Poucos dias antes de explodir a violência no Donbass e as tropas russas invadirem a Ucrânia, Putin e Xi Jinping se encontraram e anunciaram uma “parceria estratégica sem limites” entre Rússia e China. Os dois países estão entrelaçados bilateralmente e sob um guarda-chuva institucional multilateralizado cada vez mais sofisticado e que se apresenta como alternativa à hegemonia norte-americana, suas regras e instituições internacionais. Além disso, há uma visão comum entre a China e a Rússia sobre questões de segurança internacional e o papel estrutural que os Estados Unidos desempenham sobre elas, desde aquelas que os russos e chineses estão envolvidos diretamente, como a guerra na Ucrânia e Taiwan, até os conflitos na Síria e o genocídio em Gaza. 
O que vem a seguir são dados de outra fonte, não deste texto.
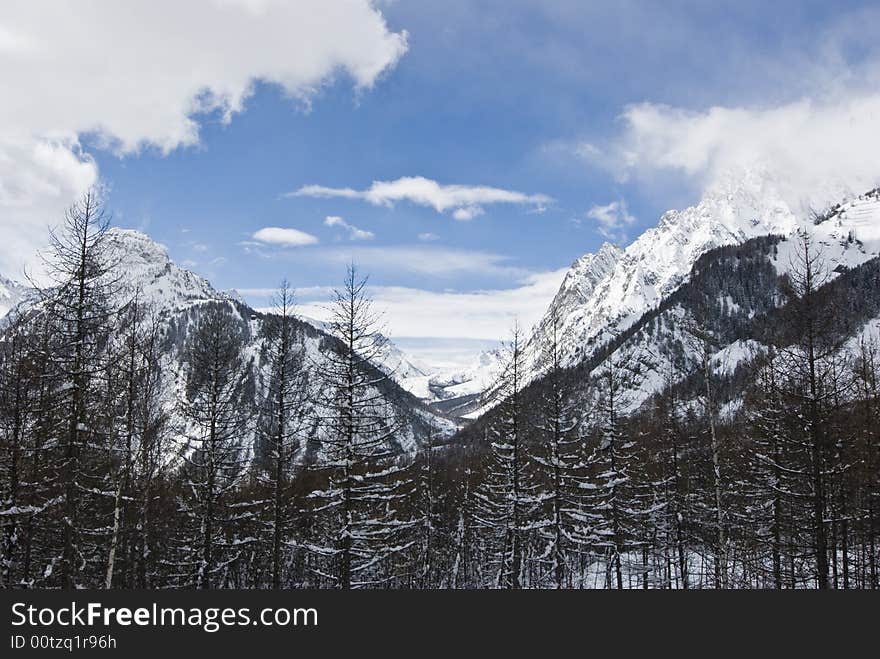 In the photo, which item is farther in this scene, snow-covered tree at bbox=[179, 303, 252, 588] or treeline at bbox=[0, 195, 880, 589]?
→ snow-covered tree at bbox=[179, 303, 252, 588]

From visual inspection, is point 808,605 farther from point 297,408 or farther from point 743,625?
point 297,408

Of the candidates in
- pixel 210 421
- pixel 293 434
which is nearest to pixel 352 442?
pixel 293 434

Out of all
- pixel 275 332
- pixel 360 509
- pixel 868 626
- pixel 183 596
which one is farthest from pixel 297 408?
pixel 868 626

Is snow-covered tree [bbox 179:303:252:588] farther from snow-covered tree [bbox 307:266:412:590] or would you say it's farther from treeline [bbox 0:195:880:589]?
snow-covered tree [bbox 307:266:412:590]

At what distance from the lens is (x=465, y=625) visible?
32.9 feet

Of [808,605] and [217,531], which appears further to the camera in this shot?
[217,531]

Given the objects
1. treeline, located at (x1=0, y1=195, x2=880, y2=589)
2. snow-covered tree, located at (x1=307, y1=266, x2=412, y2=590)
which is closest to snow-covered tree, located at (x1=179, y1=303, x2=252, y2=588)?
treeline, located at (x1=0, y1=195, x2=880, y2=589)

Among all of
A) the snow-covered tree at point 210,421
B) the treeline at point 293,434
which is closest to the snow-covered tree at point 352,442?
the treeline at point 293,434

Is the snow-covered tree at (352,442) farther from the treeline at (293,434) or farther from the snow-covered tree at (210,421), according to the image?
the snow-covered tree at (210,421)

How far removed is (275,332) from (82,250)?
307 inches

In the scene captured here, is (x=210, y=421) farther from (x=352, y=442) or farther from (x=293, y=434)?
(x=352, y=442)

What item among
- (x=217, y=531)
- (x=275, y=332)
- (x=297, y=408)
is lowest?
(x=217, y=531)

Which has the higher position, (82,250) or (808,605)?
(82,250)

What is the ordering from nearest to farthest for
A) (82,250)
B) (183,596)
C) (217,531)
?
(183,596) < (82,250) < (217,531) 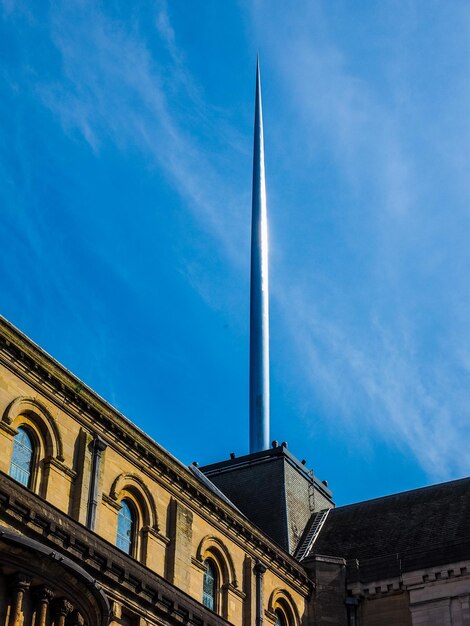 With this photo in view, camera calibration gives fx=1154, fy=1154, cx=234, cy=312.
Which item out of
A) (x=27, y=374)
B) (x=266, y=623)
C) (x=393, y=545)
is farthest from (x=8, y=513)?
(x=393, y=545)

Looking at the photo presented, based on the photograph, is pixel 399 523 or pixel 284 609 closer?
pixel 284 609

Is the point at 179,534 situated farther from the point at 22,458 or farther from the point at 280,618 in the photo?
the point at 280,618

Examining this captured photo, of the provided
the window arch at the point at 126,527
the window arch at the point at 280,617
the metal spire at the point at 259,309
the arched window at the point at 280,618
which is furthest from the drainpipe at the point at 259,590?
the metal spire at the point at 259,309

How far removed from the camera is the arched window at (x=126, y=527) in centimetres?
3706

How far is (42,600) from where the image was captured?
27.8 metres

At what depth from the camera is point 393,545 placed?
49.9 metres

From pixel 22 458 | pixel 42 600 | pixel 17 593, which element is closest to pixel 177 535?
pixel 22 458

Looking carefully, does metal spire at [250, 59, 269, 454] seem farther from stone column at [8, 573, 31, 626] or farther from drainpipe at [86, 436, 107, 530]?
stone column at [8, 573, 31, 626]

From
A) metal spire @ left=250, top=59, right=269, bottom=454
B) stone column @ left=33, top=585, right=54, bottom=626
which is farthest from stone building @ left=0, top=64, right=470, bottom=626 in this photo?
metal spire @ left=250, top=59, right=269, bottom=454

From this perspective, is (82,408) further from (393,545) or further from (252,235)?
(252,235)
Conceder tão facilmente uma vitória em uma guerra que Moscou considera como “existencial”, é contribuir para alterar a posição da Rússia em um importante tabuleiro geopolítico. O que pode ter impactos na própria posição dos Estados Unidos e nas capacidades econômicas, financeiras, militares e políticas de sua hegemonia. É um jogo arriscado para a Casa Branca. 

Mas Trump não quer mais bancar a aventura dos Democratas na Ucrânia. Ainda não há nada formalizado, mas os rumores indicam que a proposta inicial dos Estados Unidos seja de um cessar-fogo e congelamento por 20 anos das tratativas que envolvem a entrada da Ucrânia na OTAN.  Sobre isso, Lavrov foi absolutamente claro: o cessar-fogo é um caminho para lugar nenhum e Moscou entende que seu objetivo é ganhar tempo para continuar inundando a Ucrânia com armas. 

A Rússia quer um tratado de paz. E a paz para a Rússia só pode ser obtida com as garantias de segurança já conhecidas: a Ucrânia não deve ser incorporada à OTAN, deve ter suas capacidades militares limitadas e assumir um status de neutralidade. 

 Diante desse xadrez, o cenário mais provável e realista é que a mudança de abordagem que muitos esperam por parte dos Estados Unidos seja a transferência para os países europeus de parte substancial dos custos da guerra. Se estes últimos estarão dispostos a se comprometerem ainda mais com as perdas da Ucrânia e terão capacidades financeiras e políticas para assumir esse fardo, é uma outra história.